Lussu fu subito arrestato e poi rinviato a giudizio per "eccesso di legittima difesa". Andati a vuoto i tentativi di spostare il processo a Chieti, in Sardegna tre giudici rispettosi del diritto, tra il 22 e il 23 ottobre del 1927 si riunirono in camera di consiglio e nonostante le forti pressioni da parte degli alti quadri del regime decisero per la piena assoluzione. "Ho voluto mettere in evidenza - spiega il regista - il tormento di chi deve prendere decisioni senza mai perdere d'occhio la neutralità del diritto". Il film ha dato origine a una serie di singolari coincidenze. La coraggiosa sentenza di assoluzione firmata dal presidente della Corte Arcangelo Marras con i due giudici a latere Decio Lobina e Antonio Giuseppe Manca Casu appartiene, oltre che alla storia, alle memorie familiari.

La notizia del film infatti ha risvegliato i ricordi di Maria Giuliana e Claudia De Nadai, nipoti del giudice Decio Lobina. Maria Giuliana, 92 anni, cagliaritana residente a Roma, figlia di Carolina, primogenita di Lobina, morto nel '54, e della prima moglie Adalgisa, prematuramente scomparsa, ha conosciuto suo nonno. Claudia invece, classe 1963, dirigente dell'Università di Genova, dove vive, è figlia di Concetta, primogenita di Lobina e della seconda moglie Andreina.
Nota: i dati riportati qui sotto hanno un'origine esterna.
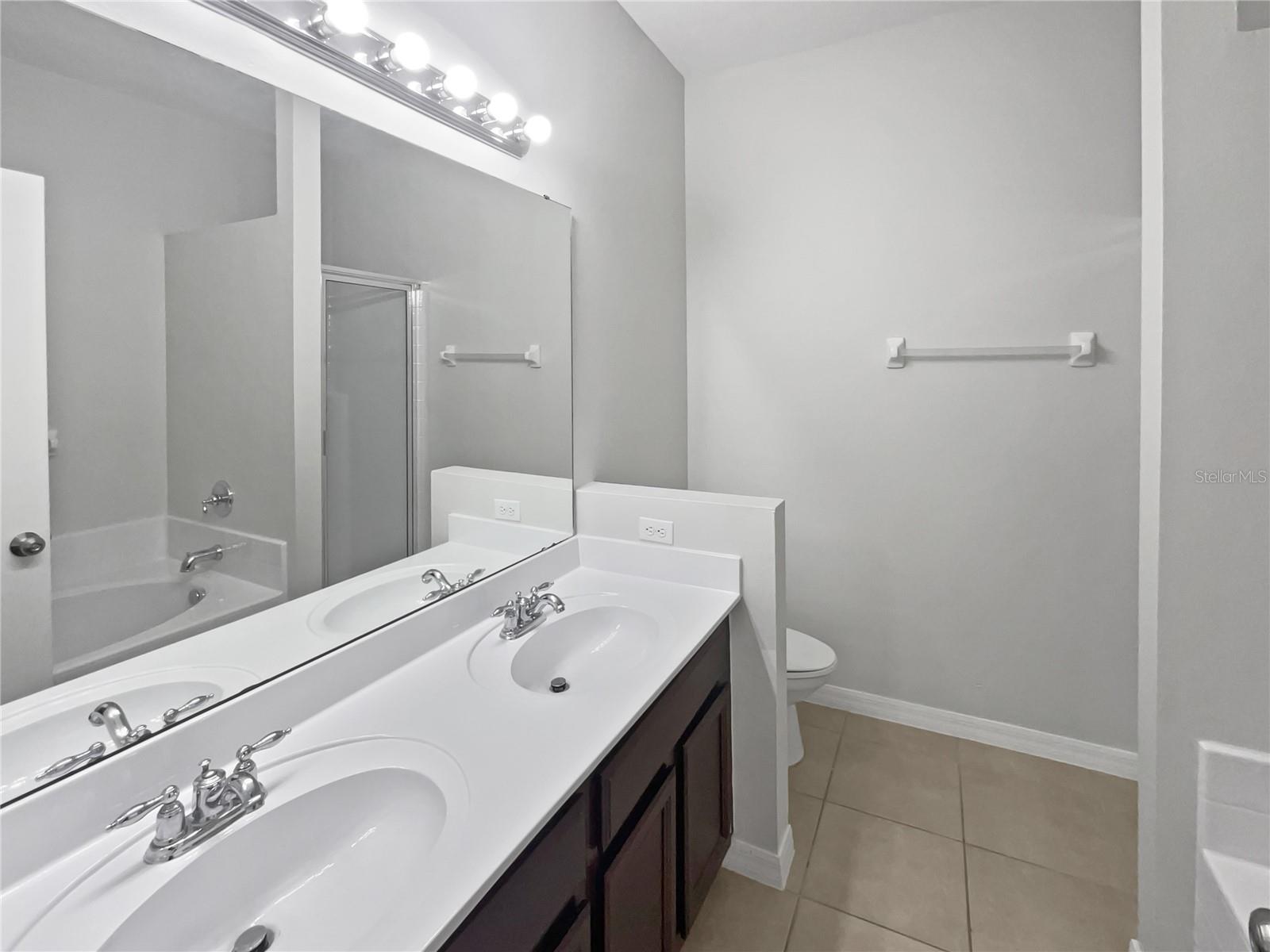 Image 7 of 31 For 1123 Hacienda Circle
Contemporaneamente ma all'insaputa l'una dell'altra, le due nipoti, emozionate e incuriosite dall'idea di un film sul loro nonno, hanno voluto conoscere il regista. "Sono felice per questo film perché c'è da andare fieri di mio nonno, ha scelto la via più rischiosa ma più giusta: la verità. La sua - racconta Maria all'ANSA - è stata una scelta etica, dettata dal suo rigore morale. Io sono nata un anno dopo, ero piccola, ma mia madre mi raccontava del clima che si respirava in famiglia, di quando lo convocarono per strappare davanti a lui l'attesa lettera di nomina a giudice di Cassazione".

Il filo del racconto si snoda tra Roma e Genova. "Nonno non ha mai avuto un ripensamento, era assolutamente convinto di quella scelta di coscienza - chiarisce Claudia - ha pagato caro il suo 'sgarro' alla politica: un trasferimento in Cassazione a Roma mai avvenuto e la necessità di cogliere l''opportunità' di lasciare la Sardegna. Gli avevano suggerito di cambiare aria, e così con la sua famiglia ha lasciato l'amata Cagliari per Venezia. Qui si è fatto apprezzare come Capo ufficio istruzione del tribunale". Decio Lobina era descritto come un uomo molto colto, di spirito vivace. "Recitava a memoria La Divina Commedia, l'Iliade e l'Odissea. Era piacevole passeggiare con lui per Venezia - rievoca Maria - mai si pentì di ciò che aveva fatto, ritenendo di aver sempre agito nel giusto".

Anche Claudia si affida ai ricordi: "Mio nonno è sempre stato un faro nella mia vita. Per amor di verità e giustizia, come magistrato fedele alla legge e alla verità dei fatti, ha preso insieme ai colleghi una decisione 'scomoda' e perfino pericolosa". Un'immagine ritrae il giudice con la moglie e la figlia sullo sfondo della spiaggia del Poetto di Cagliari. "Nè lui nè mia nonna - dice Claudia con filo di amarezza - sono più tornati a Cagliari, la città dove avevano lasciato il cuore".

Per desiderio di sua madre, la nipote è tornata ai luoghi dell'infanzia del giudice. "Passando davanti alla casa dei miei nonni, in via dei Genovesi a Cagliari, poco distante da dove viveva Emilio Lussu, ho provato una forte emozione e ho percepito tutto il coraggio di questi tre giudici. Non eroi ma uomini che, con indipendenza e coerenza, hanno rispettato fino in fondo la loro missione istituzionale".